Specification Open-Source Specification
Deployment Self Hosted or as a SaaS Multi-Tenant Service
Identity Decentralized Identifiers
Authentication Web3 Wallets and DIDs
Authorization Object Capabilities via UCANs
Transport IPFS
Schema / Data Representation Files
Query Capabilities Filesystem Like
License Apache 2.0 and MIT

§ Architecture and Components

This section provides an overview of the high-level architecture of a DWN, including the different components that make up a typical DWN, such as the network layer, data storage layer, identity and access control layer, and the application layer. The section could also provide guidance on how to design and implement each of these components to conform to the DWN specification.

§ Node Discovery and Peer-to-Peer Networking

This section provides detailed guidance on how to implement the node discovery and peer-to-peer networking protocols that are required for a DWN to function properly. This section could cover topics such as how to bootstrap a new node onto the network, how to maintain a list of known nodes, how to discover and connect to new peers, and how to propagate data across the network.

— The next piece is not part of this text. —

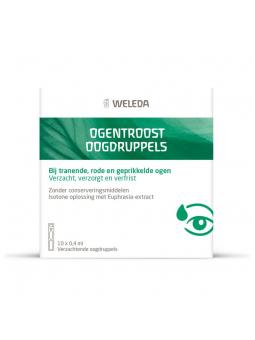 Ogentroost oogdruppels ampullen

§ Data Sharing and Interoperability

This section provides guidance on how to design and implement data sharing protocols that conform to the DWN specification, including the use of decentralized storage systems like IPFS and the InterPlanetary Linked Data (IPLD) format. This section could also cover strategies for promoting interoperability between different decentralized web nodes and data sharing protocols, such as the use of standardized data formats and metadata.

§ Security and Privacy

This section provides guidance on how to design and implement security and privacy features that conform to the DWN specification, including the use of cryptographic protocols like Public Key Infrastructure (PKI) and Self-Sovereign Identity (SSI) for secure data sharing and verification. This section could also cover best practices for securing DWN infrastructure and protecting user data against common attacks and threats.

§ Testing and Debugging

This section provides guidance on how to test and debug a DWN implementation, including strategies for testing individual components and the network as a whole, as well as tools and techniques for troubleshooting issues that may arise during development or deployment.

§ Deployment and Operations

This section provides guidance on how to deploy and operate a DWN implementation in a production environment, including best practices for scaling and managing a distributed network, as well as tools and techniques for monitoring and managing network performance and reliability. This section could also cover strategies for maintaining backward compatibility and promoting interoperability with other decentralized web nodes and protocols.

§ Local Nodes, Remote Nodes, and Relays

This section clarifies the role of a remote node, a local node, and a relay, with respect to a deployment. It is important to note that they are actually all the same thing, in that each is actually a DWN with no feature differences across these deployment types, but in practice a local node may be used slightly differently than a remote node.

This section clarifies the difference in use between local and remote nodes, and what it means for a DWN to be a “relay”.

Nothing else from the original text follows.